Nel 2006/2007 c’è stato l’attacco, per interposta Etiopia, alla Somalia dove le Corti Islamiche (una sorta di talebani africani) avevano sconfitto i ‘signori della guerra’ locali e come in Afghanistan riportato l’ordine e la legge, sia pur una dura legge, in quel Paese. Ma le Corti non erano democratiche. Dovevano essere eliminate. Ora la Somalia è in piena guerra civile.

Nel 2011 c’è stato l’attacco alla Libia del dittatore Gheddafi, con cui avevamo fornicato fino al giorno prima. Ma bisognava portare la democrazia anche in quel Paese. E adesso la Libia è nel caos più totale.

Il fatto è che l’Occidente democratico dopo aver sconfitto i totalitarismi del Novecento è diventato a sua volta totalitario e pretende di esportare i propri valori, la propria ‘way of life’ e soprattutto il proprio modello economico in tutto l’universo mondo.
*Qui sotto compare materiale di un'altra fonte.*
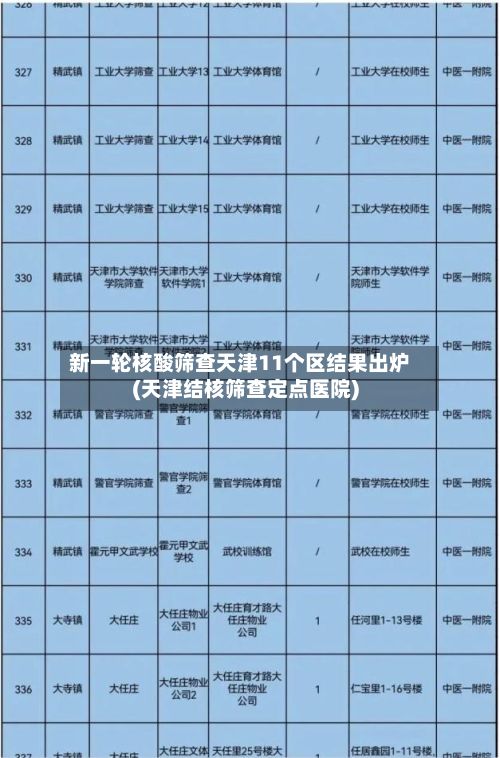 新一轮核酸筛查天津11个区结果出炉(天津结核筛查定点医院)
E’ quello che in un libro fortunato, ho chiamato ‘Il vizio oscuro dell’Occidente’. Ed è proprio questa pretesa di omologazione universale, questa pressione ossessiva, militare, economica, ideologica, culturale (la donna musulmana deve assimilarsi a quella occidentale, eccetera) che evoca un radicalismo islamico che reagisce con un ideologismo altrettanto totalitario. Anche un musulmano moderato a furia di sentirsi incalzato dall’Occidente diventa un estremista.

In quanto alla maestrina Merlo, grande esperto di geopolitica benché non si sia mai letto un suo reportage dall’estero, vorrei che ci spiegasse perché definire i curdi, gli sciiti e i sunniti tre comunità profondamente diverse fra loro sia un ‘errore da matita blu’. Attendiamo ulteriori lezioni.